Some time ago I wrote a comparison to The Ant and the Grasshopper.
I talked of how some folks were stockpiling gold and materials in preparation for the upcoming expansion. I looked at how some were more interested in just having fun in the now and counting on the future to take care of itself. Looking back at my opinion of things then I realised my outlook was very different than it was roughly 4 months ago when I first posted.
There is a grasshopper inside me. This side of me understands that one day people will be leveling all the way from 1 to 80 (and beyond) in one long stretch. The game designers know this as well. The early zones have to be set up so that a fresh 70 in quest greens will have a good chance at questing and leveling there. In short I am ridiculously over-geared for the quests I will be doing. This is the side of me is that keeps telling me to just run, play and have a good time.

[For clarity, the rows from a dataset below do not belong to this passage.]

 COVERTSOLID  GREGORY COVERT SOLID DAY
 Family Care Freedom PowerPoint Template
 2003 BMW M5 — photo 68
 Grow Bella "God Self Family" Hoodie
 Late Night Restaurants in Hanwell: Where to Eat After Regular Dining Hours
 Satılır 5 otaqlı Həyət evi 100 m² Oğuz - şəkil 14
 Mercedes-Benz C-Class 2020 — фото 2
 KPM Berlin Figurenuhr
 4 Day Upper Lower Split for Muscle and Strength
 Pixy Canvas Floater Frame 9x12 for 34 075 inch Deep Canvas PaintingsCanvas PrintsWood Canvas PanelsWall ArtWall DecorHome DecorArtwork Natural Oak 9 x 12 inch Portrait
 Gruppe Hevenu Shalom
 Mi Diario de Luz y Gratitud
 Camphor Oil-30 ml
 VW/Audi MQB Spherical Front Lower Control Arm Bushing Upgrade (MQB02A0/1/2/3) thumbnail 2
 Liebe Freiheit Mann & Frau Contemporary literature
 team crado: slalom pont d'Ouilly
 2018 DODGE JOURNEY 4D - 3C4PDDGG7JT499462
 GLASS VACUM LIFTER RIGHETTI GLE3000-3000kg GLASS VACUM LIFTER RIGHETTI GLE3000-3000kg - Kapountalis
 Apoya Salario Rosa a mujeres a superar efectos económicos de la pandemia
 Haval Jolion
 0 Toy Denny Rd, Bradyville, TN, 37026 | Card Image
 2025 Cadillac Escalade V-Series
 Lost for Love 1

Then there is the ant. His voice has been getting stronger and stronger lately. It whispers in the back of my mind, telling me that things would be so much easier later if I just did a little work today. “Remember the death knight you plan to level? Well he will need cloth for first aid, ore for blacksmithing, gold for training and flight skills.” It reasons. I know I have limited playtime, I understand and expect that most of my friends and guildies will make it to 80 before me. The nagging voice tries to convince me that my work now may help me keep up later.
So that is how I find myself this morning. Sitting at the computer, notebook close at hand, listing how many stacks of linen cloth and copper ore I will need in the bank when winter gets here.